A presidente Maria do Céu Albuquerque, que recebeu das mãos do vice-presidente da APOM a peça que simbolicamente representou a entrega do Prémio de Museu do Ano, disse que o mesmo “é de toda a comunidade abrantina mas é especialmente da comunidade tramagalense”.

O Museu MDF, inaugurado no Tramagal a 01 de maio de 2017, um investimento na ordem dos 500 mil euros, dos quais 90 mil comparticipados por fundos comunitários, foi ainda distinguido com uma menção honrosa na categoria “Investigação”, pelo trabalho coordenado pela jornalista Patrícia Fonseca e publicado no livro “1879-1997 – Metalúrgica Duarte Ferreira, uma história em constante metamorfose”.
Resultado de uma década de pesquisas, sob a coordenação da jornalista e editora Patrícia Fonseca, com edição da Câmara Municipal de Abrantes, o livro complementa a visita ao Museu MDF, aprofundando a história da empresa desde a sua fundação e enquadrando-a com os factos históricos que marcaram a vida portuguesa e a atualidade internacional, ao longo de todo o século XX.
Contém inúmeros documentos inéditos, recolhidos em vários arquivos nacionais e todos os pertencentes ao espólio da família Duarte Ferreira que, pela primeira vez, acedeu a torná-los públicos.

O Museu, instalado nos antigos escritórios da MDF, conta com espaços expositivos e documentais daquela que foi uma das principais empresas metalúrgicas do País e que chegou a empregar mais de 2500 pessoas e conta uma história com mais de um século – entre o dia em que Eduardo Duarte Ferreira ergueu a primeira forja (1879) e a data da extinção da Metalúrgica Duarte Ferreira (1997).
Ao longo do percurso de ar livre que se pretende ainda construir, com cerca de 300 metros, o Museu contará ainda com as máquinas de grande porte ali construídas ao longo do século XX, como debulhadoras, ceifeiras ou os célebres camiões Berliet, que equiparam o exército colonial português.

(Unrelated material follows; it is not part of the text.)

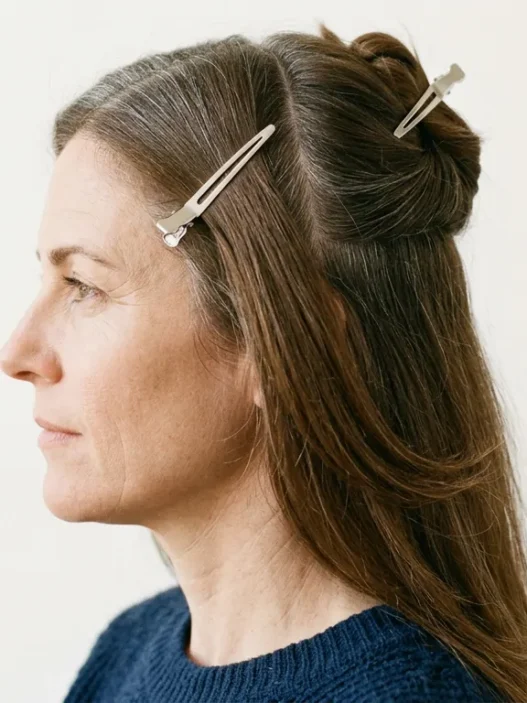 Woman with long brown hair sectioned into four quadrants with clips holding upper sections away from lower back panel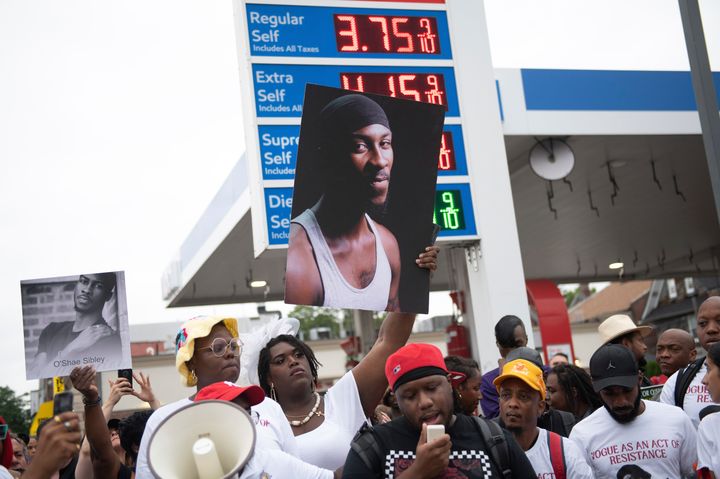 People gather at a gas station during a vigil to memorialize O'Shae Sibley on Friday, Aug. 4, 2023.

Nascido em Tramagal em 1856 no seio de uma família muito humilde, o fundador da fábrica, Eduardo Duarte Ferreira, começou por se dedicar ao fabrico de alfaias agrícolas, em especial charruas, estando a sua pequena forja unipessoal na génese daquela que viria a ser uma das maiores unidades industriais portuguesas, tendo adotado como seu símbolo comercial e de marca uma borboleta.
A peça do Prémio ficará exposta na Galeria quARTel da Arte Contemporânea (antigo quartel dos bombeiros), em Abrantes, durante os dias de realização das Festas da Cidade. No decorrer do 264º aniversário da Freguesia de Tramagal (23 de junho), a peça alusiva ao Museu do Ano será entregue no território do Tramagal, ficando exposta no Museu Metalúrgica Duarte Ferreira.